## What you will do
Find the line below with "SergeWilder's tweet photo." and the line with "Guarda-vidas do Corpo". Output them and the lines between, exactly, but not the pictures.

Collected data:
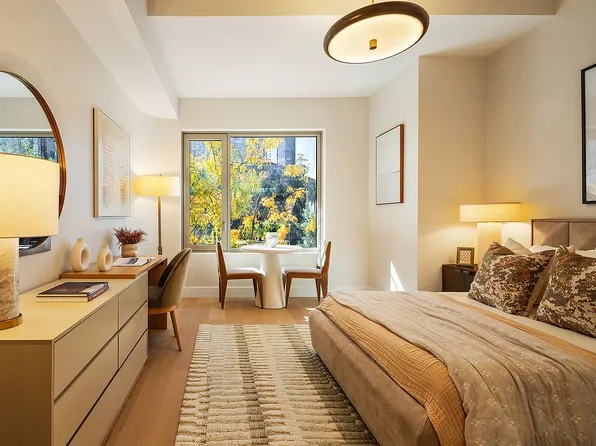 2401 Queens Plz N #1302, Long Island City, NY 11101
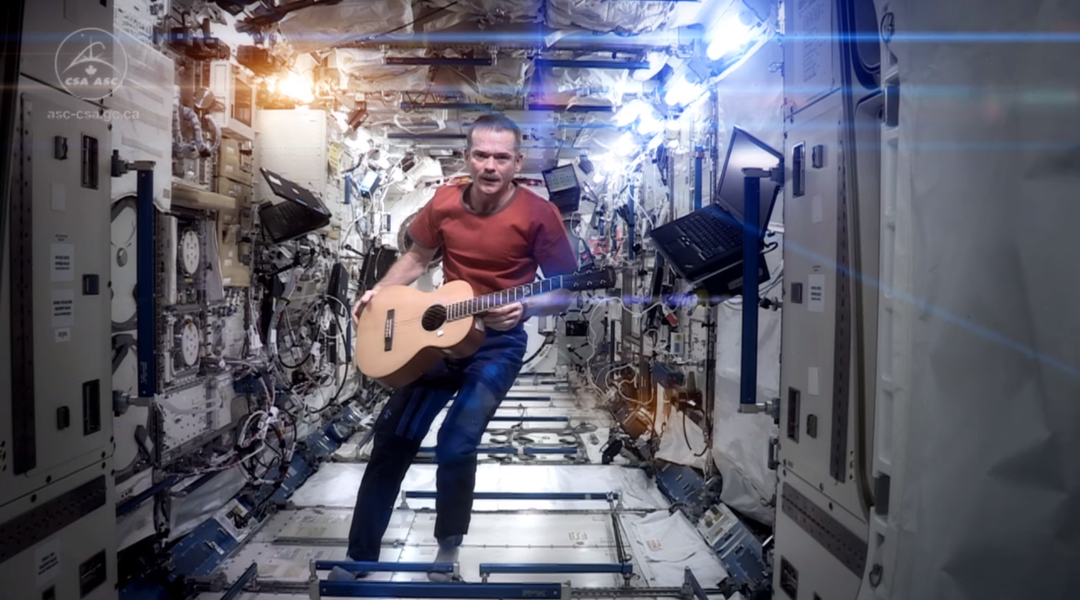 SergeWilder's tweet photo. The perfect tribute to David Bowie: an astronaut playing "Space Oddity" in space https://t.co/2TIvM3RTzs https://t.co/qqnJsxuvB4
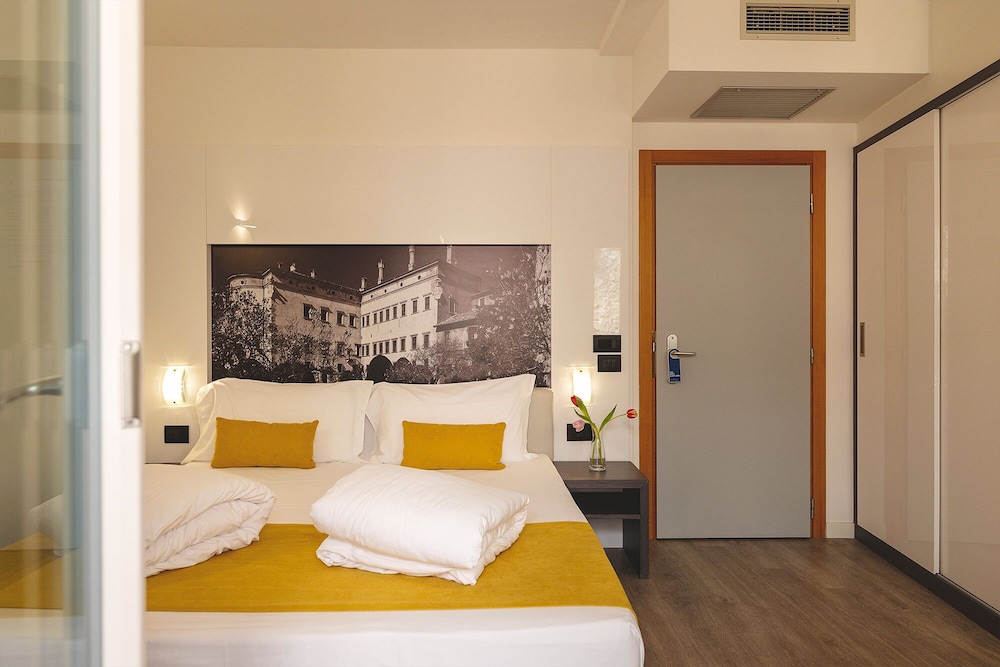 Standard Room photo 3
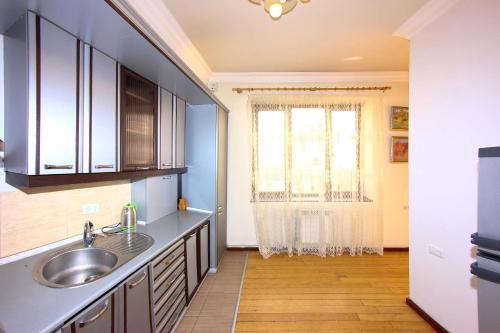 cuisine, Arm Hostel in Erévan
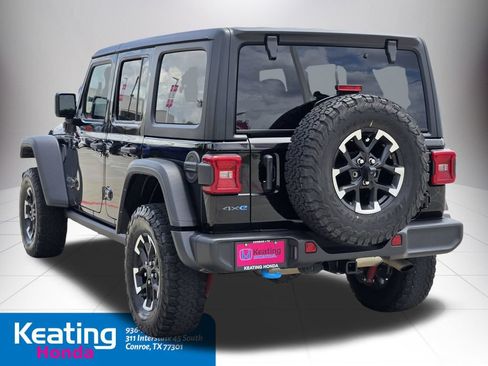 Used 2024 Jeep Wrangler Unlimited Rubicon 4xe AWD/4WD image 8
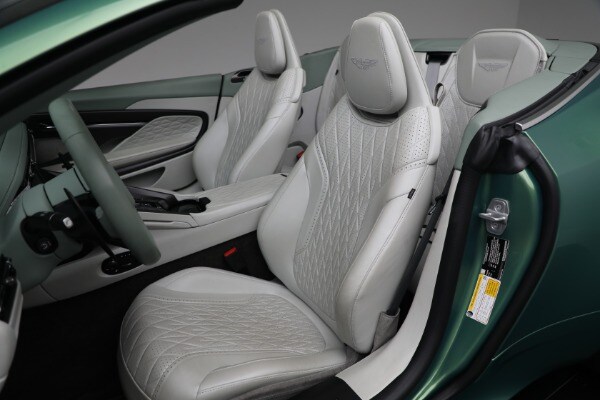 2025 Aston Martin DB12 Base - Photo 28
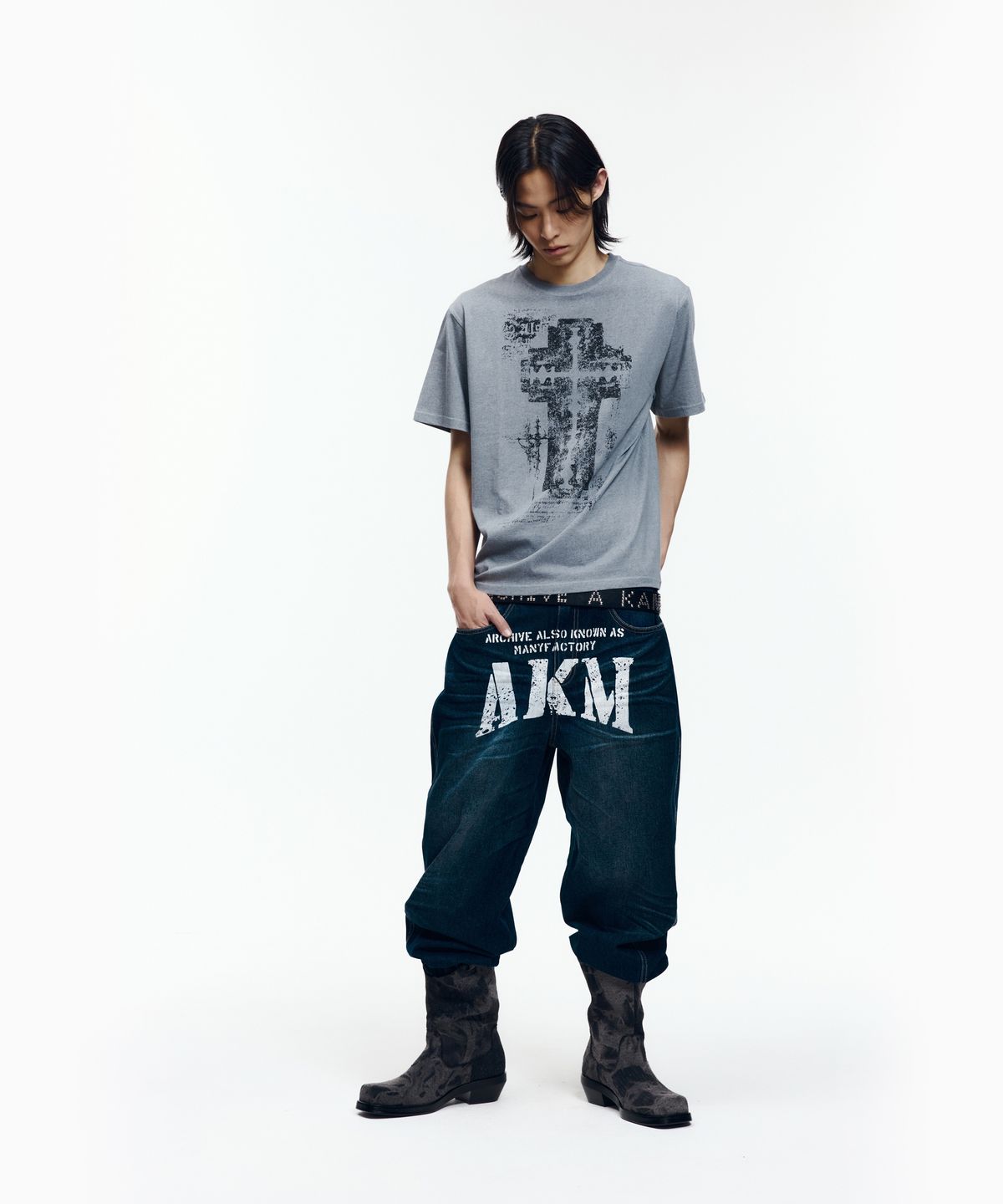 아캄(AAKAM) Razor Cross Half Top (Gray)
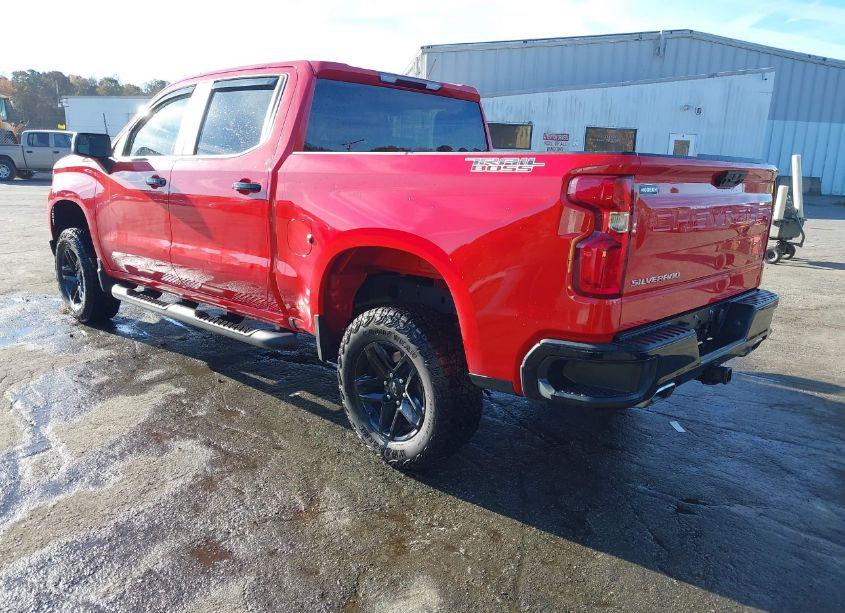 Photo 3 of 2023 Chevrolet Silverado 1500 4WD SHORT BED LT TRAIL BOSS (VIN 3GCUDFED9PG260309)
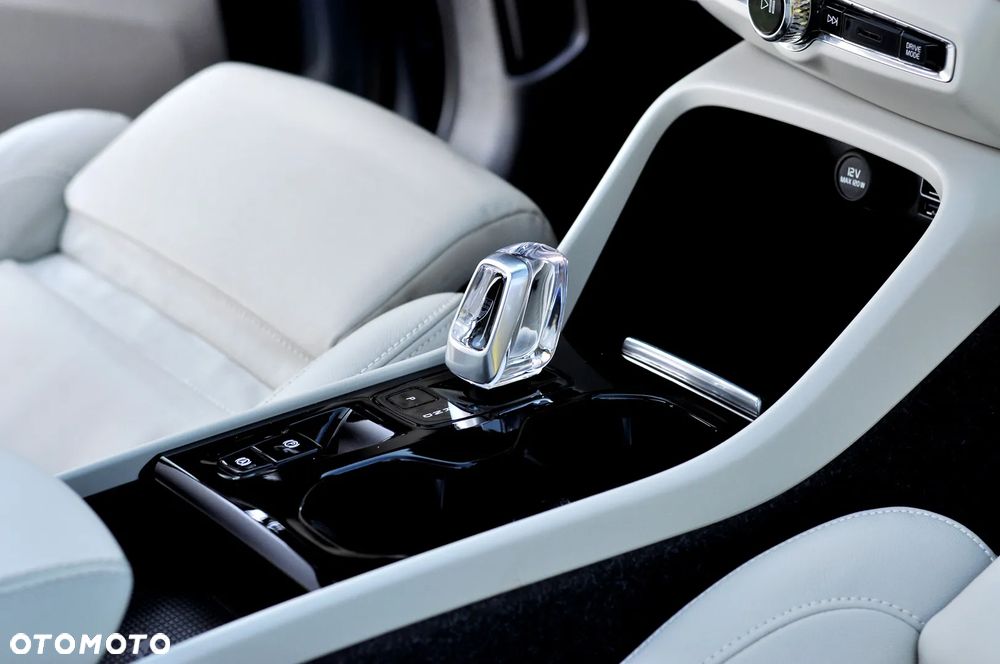 Volvo XC 40 T4 Plug-In Hybrid Inscription - 24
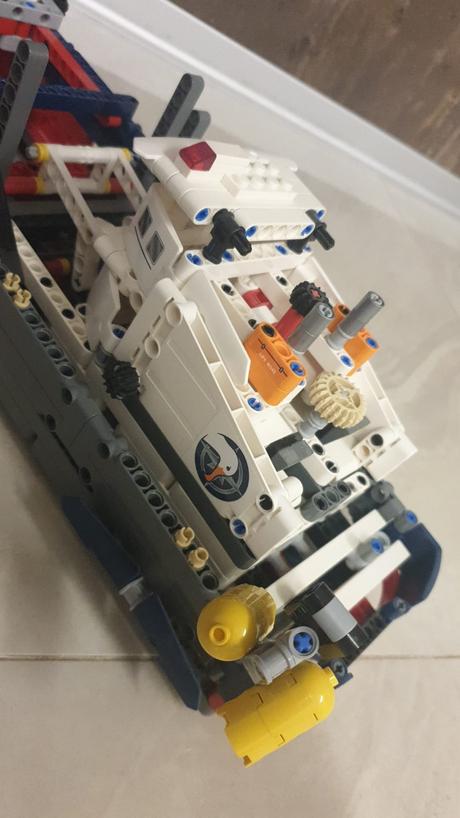 Lego technic 42064 námorná loď   top  stav, 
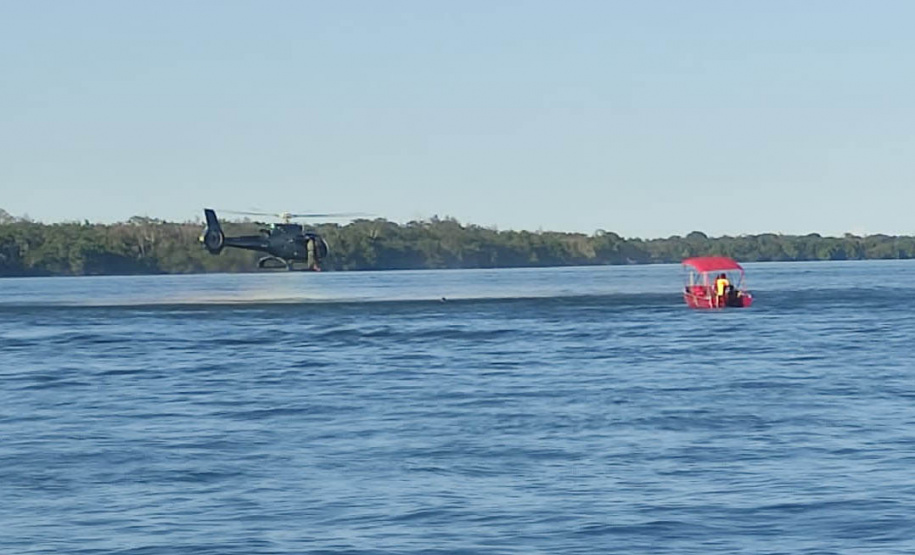 Guarda-vidas do Corpo de Bombeiros fazem treinamento com aeronaves em Porto Rico, no Noroeste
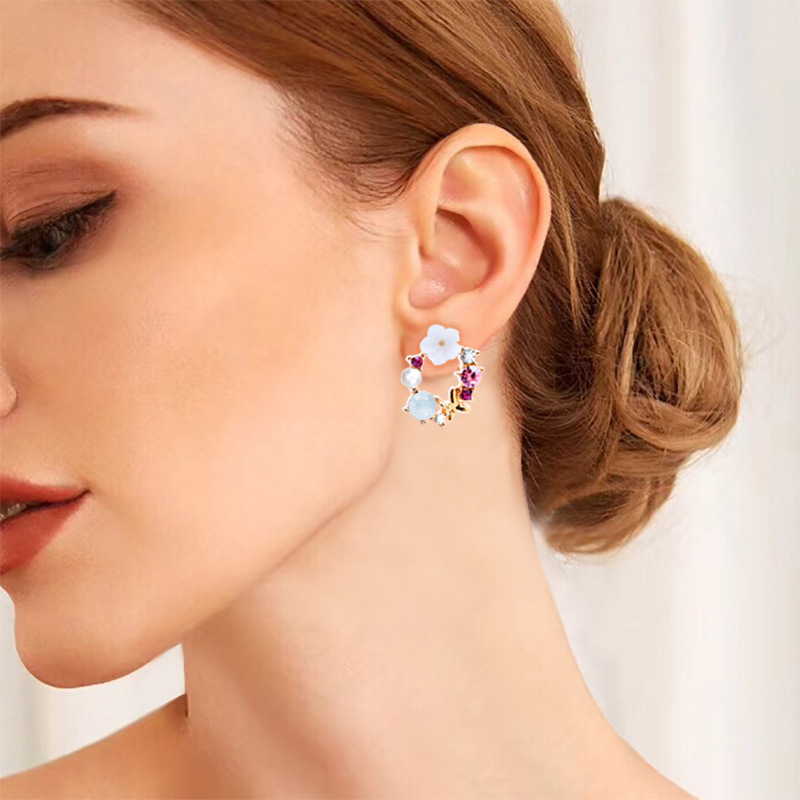 The new Korean-style creative earrings, sweet flower stud earrings, and girlish pearl bow garland earrings are selling well full figure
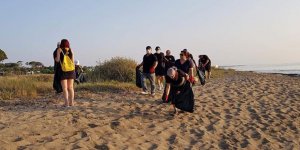 Her Daim Dostlar grubu sahili temizledi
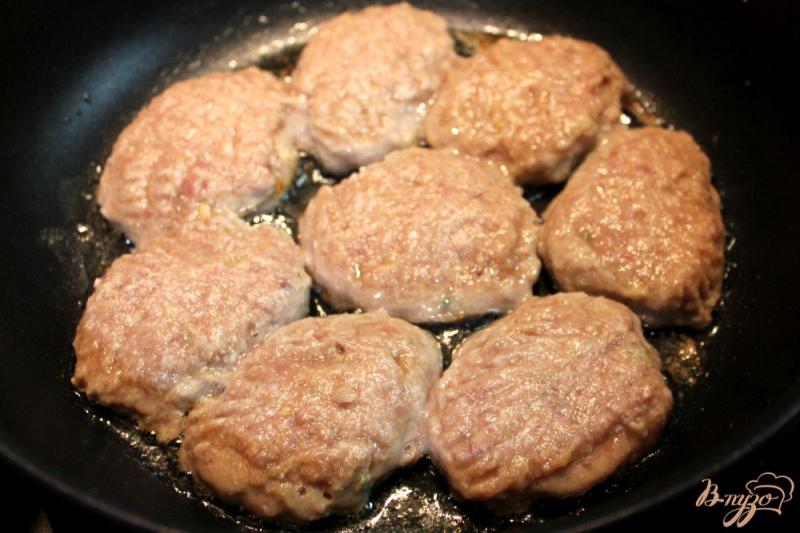 Фото приготовление рецепта: Котлеты из свинины и говядины с манкой и тимьяном шаг №5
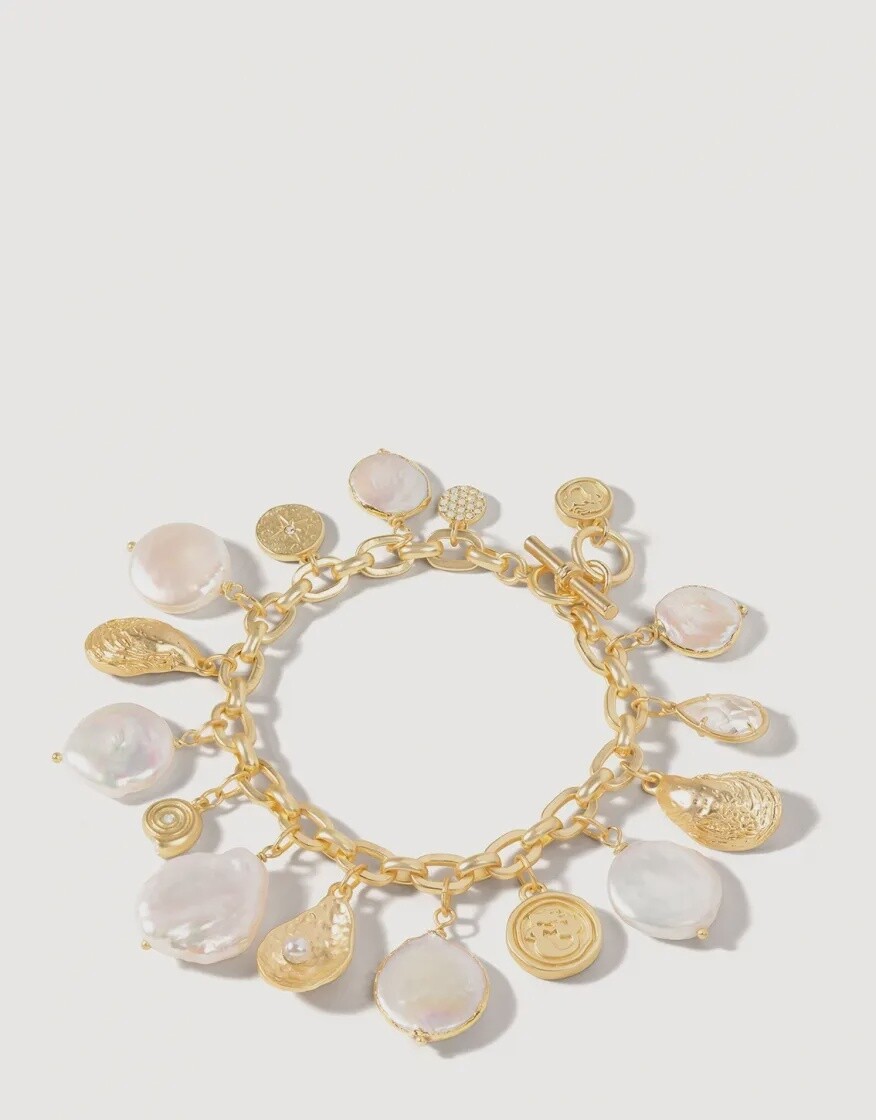 PEARL CHARM TOGGLE BRACELET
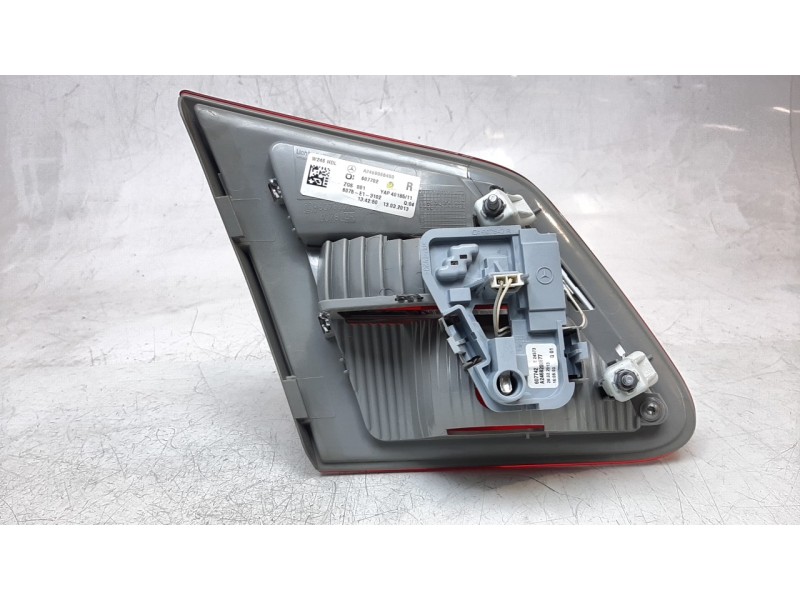 Recambio de piloto trasero derecho interior para mercedes-benz clase b (w246) b 200 cdi be (246.201) referencia OEM IAM A2469066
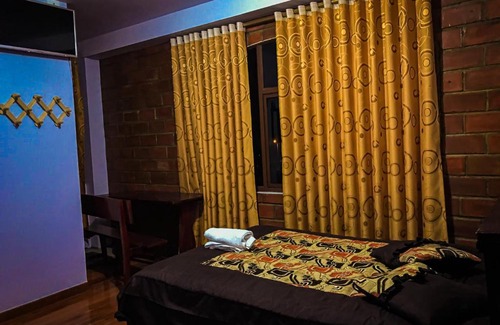 Salasaca House | Hostal Bar-Restaurant Samana Wasi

## Exercise response
 SergeWilder's tweet photo. The perfect tribute to David Bowie: an astronaut playing "Space Oddity" in space https://t.co/2TIvM3RTzs https://t.co/qqnJsxuvB4
 Standard Room photo 3
 cuisine, Arm Hostel in Erévan
 Used 2024 Jeep Wrangler Unlimited Rubicon 4xe AWD/4WD image 8
 2025 Aston Martin DB12 Base - Photo 28
 아캄(AAKAM) Razor Cross Half Top (Gray)
 Photo 3 of 2023 Chevrolet Silverado 1500 4WD SHORT BED LT TRAIL BOSS (VIN 3GCUDFED9PG260309)
 Volvo XC 40 T4 Plug-In Hybrid Inscription - 24
 Lego technic 42064 námorná loď   top  stav, 
 Guarda-vidas do Corpo de Bombeiros fazem treinamento com aeronaves em Porto Rico, no Noroeste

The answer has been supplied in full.